Patients hospitalised with severe disease are usually given intravenous hydrocortisone, 100mg
four times daily, until oral delivery can be used13.

Treatment - Anti-inflammatories - Corticosteroids - Part 2

Most patients with IBD are treated at some point with systemic steroids. Two large multicentre
trials15, 16 in Crohn's disease showed that up to 83% of patients were in remission after four
months' treatment with corticosteroids, compared to 30% on placebo. The use of corticosteroids
in non-active Crohns disease does not appear to be effective in reducing the risk of relapse.
Once an acute attack has been controlled, the dose of steroid should be tapered and withdrawn.
Rectal corticosteroids undergo systemic absorption and should not be administered indefinitely.
However, some patients will relapse shortly after steroid withdrawal and 10-20% with chronic
symptoms may become corticosteroid-dependant and will require long-term treatment. Please
note that although the trials are all over 30 years old, the results are still valid and consistent42.

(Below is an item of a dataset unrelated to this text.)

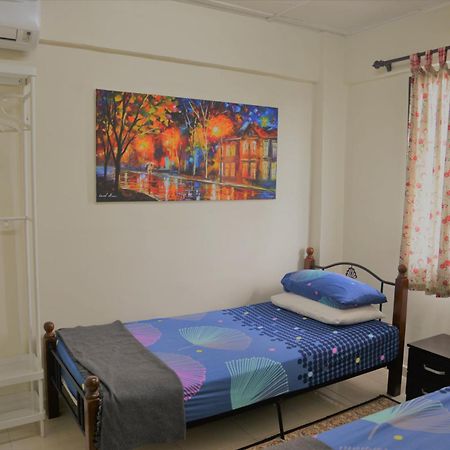 Awedee Homestay Πουτρατζάγια Εξωτερικό φωτογραφία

Budesonide (9mg/day) is not as effective as prednisolone. It is poorly absorbed and rapidly


cleared by first-pass metabolism, thereby reducing the risk of adverse drug reactions. While it is
more expensive than conventional corticosteroids and produces more adrenal suppression than
placebo, budesonide is useful for patients in whom the minimisation of steroid side-effects is
particularly important12,17. It has an affinity for glucocorticoid receptors 50-100 times that of
prednisolone and so long-term treatment is not advocated and treatment should not be stopped
abruptly. Budesonide is licensed for Crohns disease affecting the ileum and the ascending
colon1.
Beclometasone dipropionate (5mg om for max. of 4 weeks) is licensed as an adjunct to
mesalazine for mild to moderate ulcerative colitis. Hydrocortisone, prednisolone and budesonide
are available for use as topical agents in UC and colitis in Crohns disease.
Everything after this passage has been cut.